Though the polls show the race to be close, it is not because the voters lack a contrast, and both candidates are using their last hours of frenzied campaigning to highlight that choice.

Romney ended the day in West Chester, a suburb of Cincinnati, where he reunited with his wife, Ann, their five sons and nearly 100 top surrogates for a huge rally kicking off the three-day sprint to Election Day.

From there, Romney set off on a swing from New Hampshire to Iowa to Colorado and, on Sunday, to Pennsylvania.

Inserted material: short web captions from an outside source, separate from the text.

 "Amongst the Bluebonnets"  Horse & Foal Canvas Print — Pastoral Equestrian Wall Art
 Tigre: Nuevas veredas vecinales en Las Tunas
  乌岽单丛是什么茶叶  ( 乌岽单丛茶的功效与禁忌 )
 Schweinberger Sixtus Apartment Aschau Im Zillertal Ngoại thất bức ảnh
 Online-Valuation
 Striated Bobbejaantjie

Romney is making an eleventh-hour gamble to contest the Keystone State, which leans Democratic but, with 20 electoral votes, could give him an alternate path to victory. Meanwhile, he is dispatching his running mate, Rep. Paul Ryan (R-Wis.), to Minnesota, another leaning-Democratic state that Romney is trying to snatch away from Obama.

Obama is setting off on a whirlwind tour of his own, with plans to stump Saturday in Iowa, Ohio, Virginia and Wisconsin and in a slew of other states Sunday. At various stops, he will be joined by former President Bill Clinton and singers Katy Perry, Dave Matthews and John Mellencamp.

Adding punctuation to the two candidates’ rhetoric was a fresh monthly jobs report — one that each candidate seized upon to underscore his argument.